Founder of Stricken Hedge Fund Promoted Naked Option Selling
(Bloomberg) -- James Cordier was a long-time proponent of using "naked" options to trade in the volatile energy market. In numerous articles and even a book, he touted the potential rewards, telling investors they can produce consistent results.
Now it turns out that style of investing may have been at least partially behind the collapse of Cordier’s Florida hedge fund, Optionsellers.com.
The firm, which specializes in writing commodities options for high net-worth investors, had its accounts liquidated, INTL FCStone Inc., the brokerage that cleared the firm’s trades, said Monday. Cordier didn’t respond to requests for comment while Rosemary Veasey, the firm’s office manager, declined to comment on its losses.

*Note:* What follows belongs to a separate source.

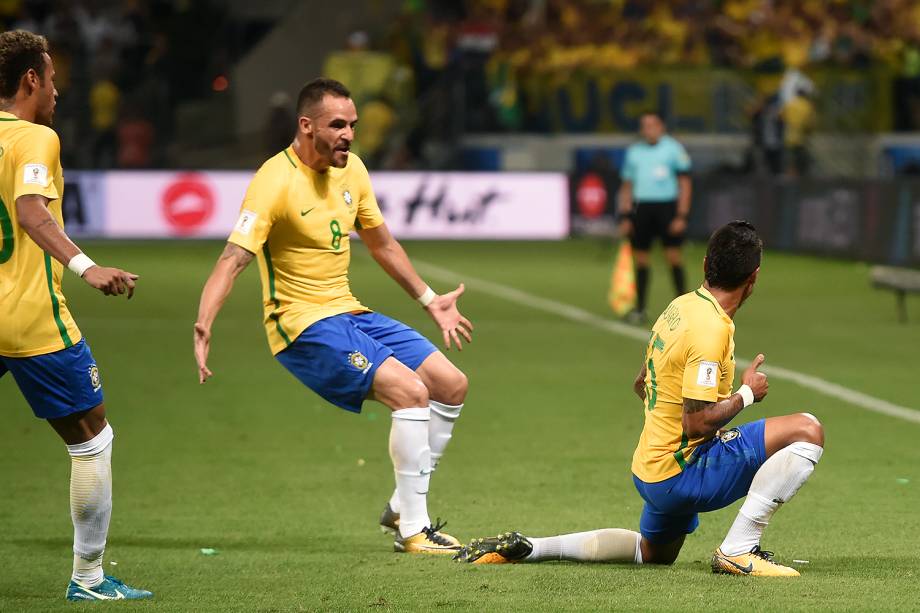 Paulinho comemora após marcar o primeiro gol do Brasil contra o Chile, pelas Eliminatórias da Copa da Rússia no Allianz Parque, em São Paulo - 10/10/2017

While it’s unclear exactly what positions Optionsellers.com was holding before things went awry, Jason T. Albin, a lawyer at ChapmanAlbin LLC, said the some of accounts held naked options positions. He estimates losses from the failure of the fund could exceed $150 million.
An option gives someone the right, but not the obligation, to buy or sell a commodity or security within a predetermined time period. Options are said to be naked when they’re unhedged. If a market moves violently against a naked short options position, it raises the prospect of almost unlimited risk.
When there weren’t enough assets in some of the accounts of a certain type to cover short naked calls, "FCStone borrowed on margin against their clients’ accounts to cover, which caused them to not only lose 100 percent of their account values, but now they also owe FCStone for the loans," Albin said in an interview. FCStone declined to comment beyond its Monday statement confirming the liquidation of the accounts.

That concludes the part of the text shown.